4) Using a VLM remotely

  • VLM pipeline (docling-vlm): set docling_remote_model_enabled=True to route processing through a VLM model service.
  • Configuration for remote VLM models comes from a Kubernetes Secret mounted at /mnt/secrets instead of individual KFP parameters.
    • The secret should be present in the same namespace of the pipeline.
    • Secret name: data-processing-docling-pipeline.
    • Required keys in the Secret data:
      • REMOTE_MODEL_ENDPOINT_URL
      • REMOTE_MODEL_API_KEY
      • REMOTE_MODEL_NAME
    • The component validates the presence of these files under the mount path when docling_remote_model_enabled=True.
    • Example secret creation:
      kubectl create secret generic data-processing-docling-pipeline \
      --from-literal=REMOTE_MODEL_ENDPOINT_URL="https://example/v1/inference" \
      --from-literal=REMOTE_MODEL_API_KEY="REDACTED" \
      --from-literal=REMOTE_MODEL_NAME="granite-vision-3-2"

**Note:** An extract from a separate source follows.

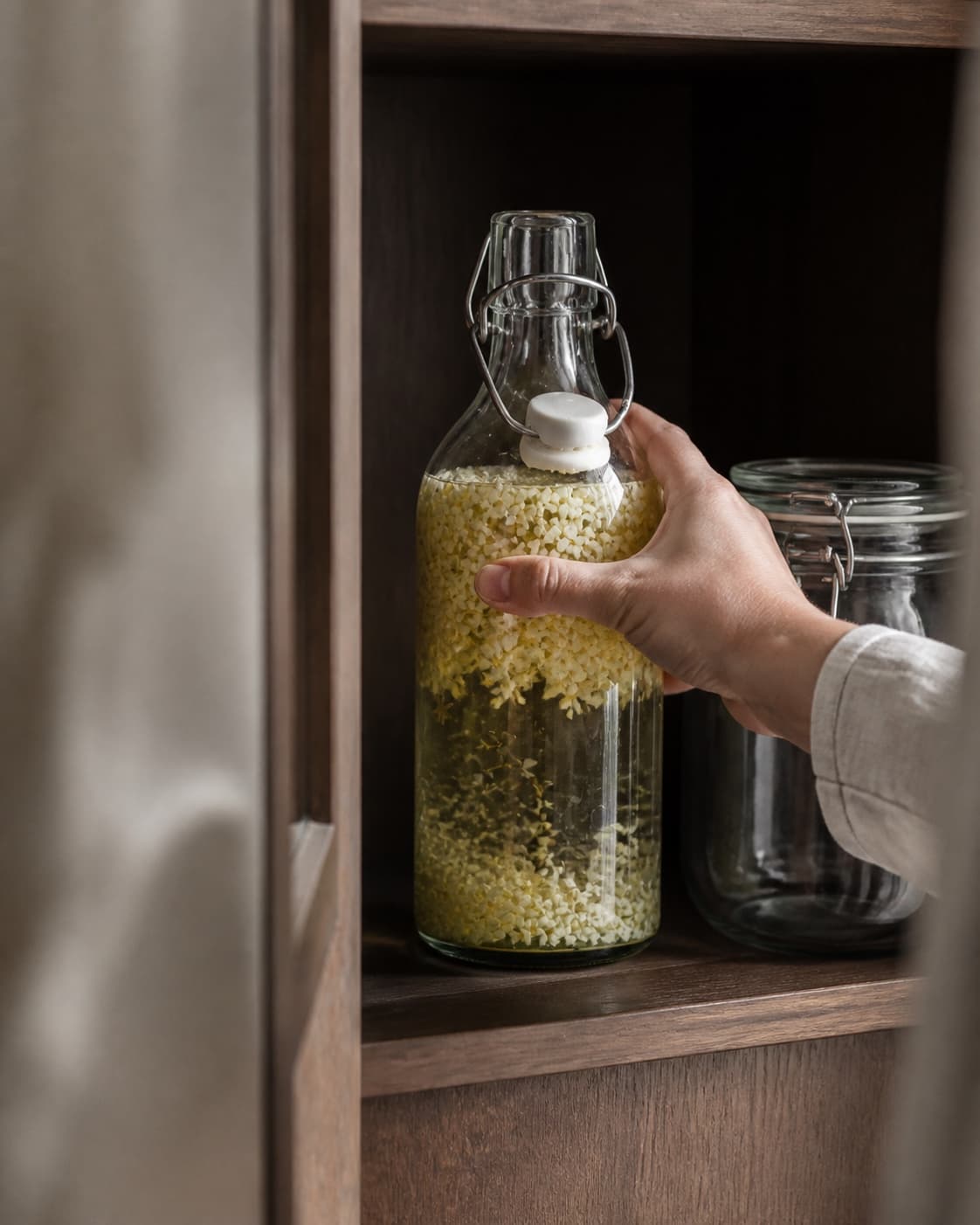 One single photorealistic instructional frame of the sealed infusion jar resting in a dark cupboard for Hyldeblomst vodka, featuring vodka, hyldeblomstskærme, økologisk citron, with only the named equipment and no unrelated food, text, logos or packaging under tilberedningen af hyldeblomst vodka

5) Consuming documents from S3

If you'd like to consume documents stored in an S3-compatible object storage rather than in an URL:

  • Set pdf_from_s3=True to download and convert documents from S3 or an S3-compatible service. Set the names of the files to convert in pdf_filenames, separated by commas.
  • Configuration for the S3 connection comes from a Kubernetes Secret mounted at /mnt/secrets instead of individual KFP parameters.
    • The secret should be present in the same namespace of the pipeline.
    • Secret name must be data-processing-docling-pipeline.
    • Required keys in the Secret data:
      • S3_ENDPOINT_URL
      • S3_ACCESS_KEY
      • S3_SECRET_KEY
      • S3_BUCKET
      • S3_PREFIX
    • The pipeline mounts the secret, and the importer reads and uses those values when pdf_from_s3=True.
    • Example secret creation:
      kubectl create secret generic data-processing-docling-pipeline \
      --from-literal=S3_ENDPOINT_URL="https://s3.us-east-2.amazonaws.com" \
      --from-literal=S3_ACCESS_KEY="REDACTED" \
      --from-literal=S3_SECRET_KEY="REDACTED" \
      --from-literal=S3_BUCKET="my-bucket" \
      --from-literal=S3_PREFIX="my-pdfs"

6) Using enrichment models (Standard pipeline)

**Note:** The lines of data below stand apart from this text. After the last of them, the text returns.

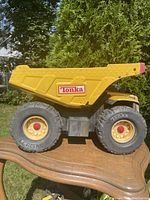 Side view showing yellow steel dumper body, large Tonka-labeled tires, and detailed construction.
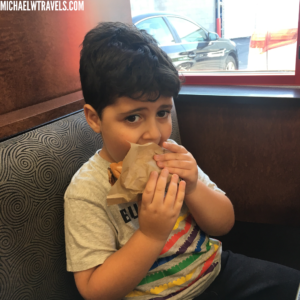a boy eating a hot dog
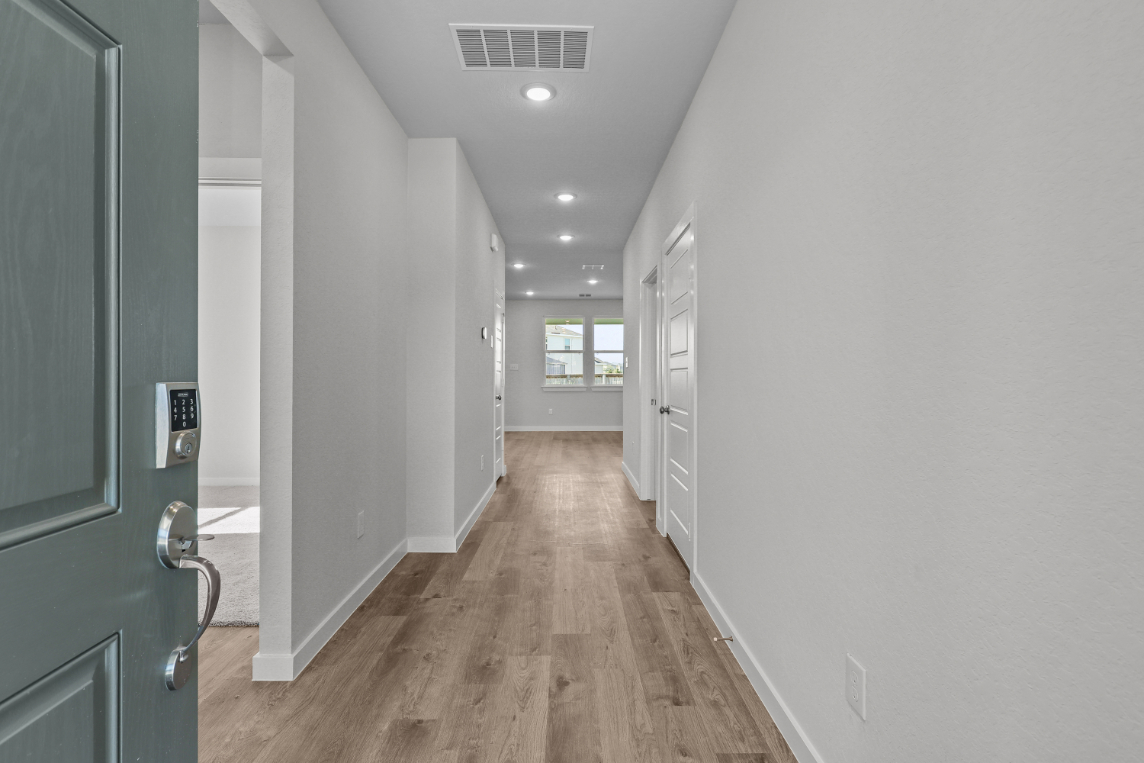 A hallway with white walls.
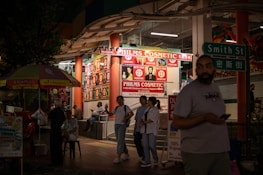 A nighttime street scene outside a cosmetics store called Philms Cosmetic, with bright signage advertising duty-free perfumes. People are walking and socializing around the area. A man in a t-shirt is holding a phone while another group is engaged in conversation near the store. A street sign reading 'Smith St' is visible, along with a colorful umbrella.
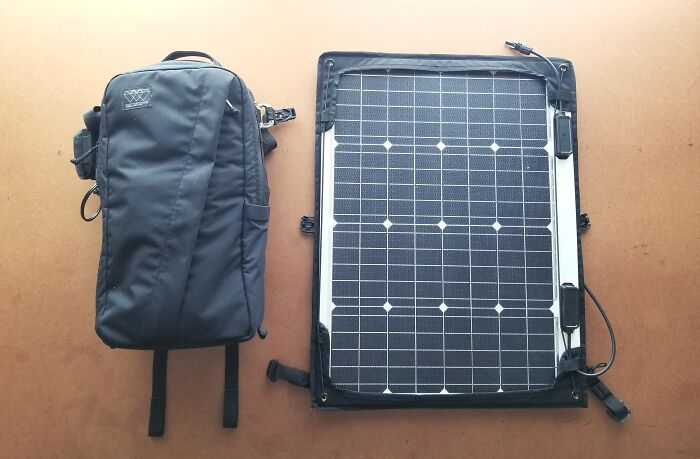 Black backpack and portable solar panel laid out on a table symbolizing progress and hope in America.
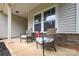 Cozy front porch features wicker seating and charming decor, perfect for relaxing outdoors at 8112 Mossy Rock Rd, Waxhaw, NC 28173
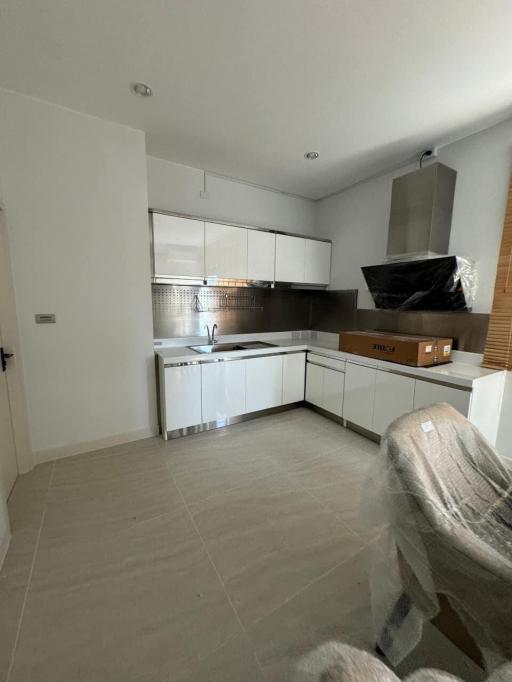 Modern kitchen with stainless steel appliances and white cabinetry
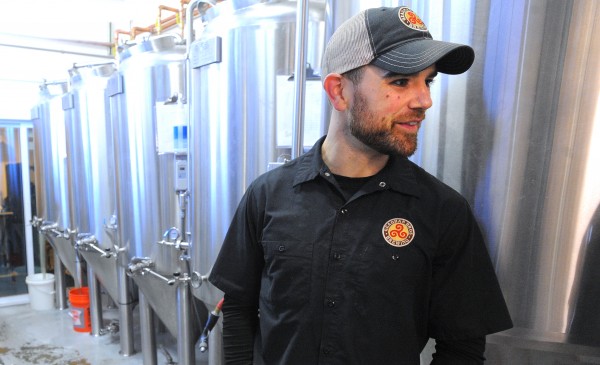Andrew Geaghan co-owner and brewer at Geaghan Brothers Brewing Co. said that the company gives the spent grains from the brewery to a local farmer for free. Andrew Geaghan co-owner and brewer at Geaghan Brothers Brewing Co. said that the company gives the spent grains from the brewery to a local farmer for free.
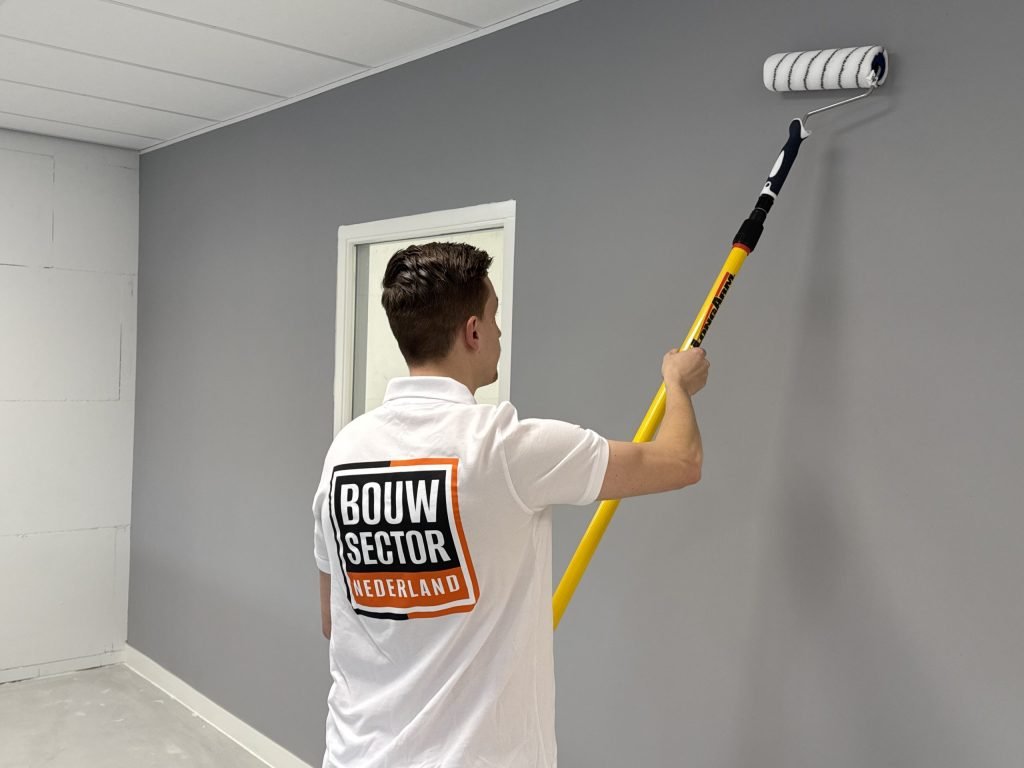 Grijze muur wordt tot tegen het plafond gesausd door een schilder met een lange verfroller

Toggle enrichments via boolean parameters:

  • docling_enrich_code, docling_enrich_formula, docling_enrich_picture_classes, docling_enrich_picture_description.

🔧 Advanced customizations

  • Increase num_splits to parallelize across more workers (uses KFP ParallelFor).
  • Tune num_threads and timeout_per_document.
  • Adjust container resources per component, e.g. set_memory_limit("6G"), set_cpu_limit("4"), in docling-standard/standard_convert_pipeline.py or docling-vlm/vlm_convert_pipeline.py.
  • Change the value of the base_image component parameter (example) if you'd like to set a custom container image to be used in the pipeline run.
  • Recompile the pipeline YAML after code or parameter interface changes to refresh the compiled YAML.